The 65-year-old leader of the Comoros -- an Indian Ocean archipelago that is home to just over 800,000 -- won this year's presidential vote outright in the first round, according to Tuesday's official results.
The victory was not unexpected, even if it triggered protests and claims of ballot rigging from supporters of the five defeated opposition candidates.
But a threat of political turmoil hardly represents a break from the Comoros' recent history.
A former army chief-of-staff, Colonel Assoumani initially came to power in a coup in 1999, in one of the many military takeovers that have rocked the islands since independence from France in 1975.
In 2002 he won the presidential election for the newly-constituted Union of Comoros, made up of three semi-autonomous islands, each with its own separate leadership.
He reluctantly handed power to civilians in 2006, under a new constitution that established a rotating presidency between the three islands of the union: Grande-Comore, Anjouan and Moheli.

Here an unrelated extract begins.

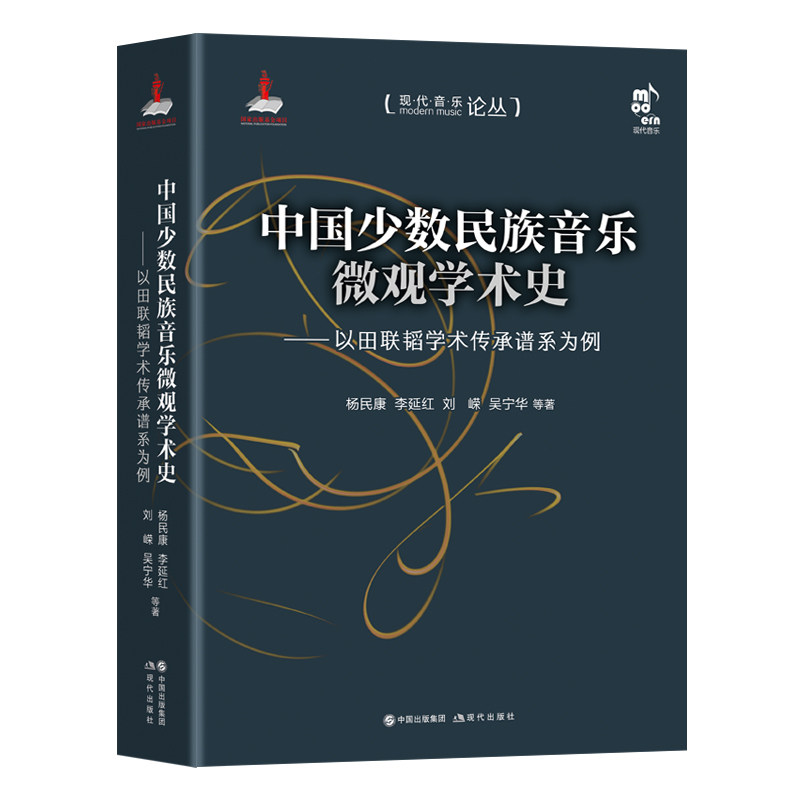 中国少数民族音乐微观学术史 杨民康, 李延红, 刘嵘, 吴宁华著 9787523109793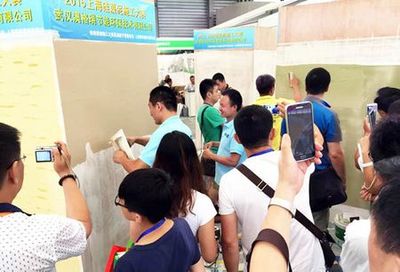 澳格瑞硅藻泥攜新品亮相2015上海綠色建材博覽會(huì)，引領(lǐng)生態(tài)家居新潮流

He then retired from office and took up farming, before returning to politics and winning re-election in 2016 in a vote marred by violence and allegations of irregularities.
Leaving power "was a mistake" not to be repeated, Assoumani once told a diplomat in the capital Moroni.
In 2019 he held another round of polls after persuading Comorans to vote in a referendum to support the extension of presidential mandates from one five-year term to two, rotating among the three islands.
This rocked the fragile balance of power established in 2001 that sought to end separatist crises on Anjouan and Moheli and halt the endless cycle of coups -- the Comoros has suffered 20 in less than half a century.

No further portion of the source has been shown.